Sardinia’s favourite oligarch

Oligarch central: a prize stretch of Sardinia’s coast

Since the invasion of Ukraine, Italian authorities have seized $250m worth of Russian-owned real estate in Sardinia, say Chico Harlan and Stefano Pitrelli in The Washington Post. But it’s not proving straightforward. First, figuring out how to manage all that property is a major “headache”. Italian laws require the government to maintain the value of any asset it freezes, and plenty of these villas cost several hundred thousand dollars a year to run. Second, hundreds of Sardinians depend on Moscow’s super-rich for work. Now they’re out of a job. “We ended up relying fundamentally on one world,” says Mauro Pili, the island’s former governor. “Once you close the tap, there’s damage.”

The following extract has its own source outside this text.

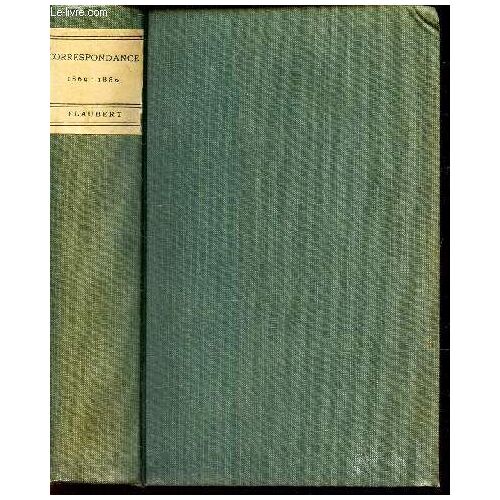 Correspondance - Quatrieme Serie - (1869-1880).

Among those whose property has been seized is the metal and mining magnate Alisher Usmanov. But unlike most of the other Russian oligarchs who holidayed on the Italian island, the 68-year-old spent months in Sardinia every year, ingratiating himself with its people. He bought ambulances, sponsored the local football team and funded cultural activities. He was even made an honorary citizen in 2018, telling locals at the ceremony there was a “certain chemistry between my soul and this land”. And the Sardinians aren’t willing to swallow the West’s claims that Usmanov – who runs a pro-Kremlin newspaper and is known as one of Vladimir Putin’s “favourite oligarchs” – is enabling the war in Ukraine. Many of them hope Usmanov will return to the island; one coastal town, Arzachena, has refused to revoke his citizenship honours. For now, though, Usmanov remains “frozen out of paradise”.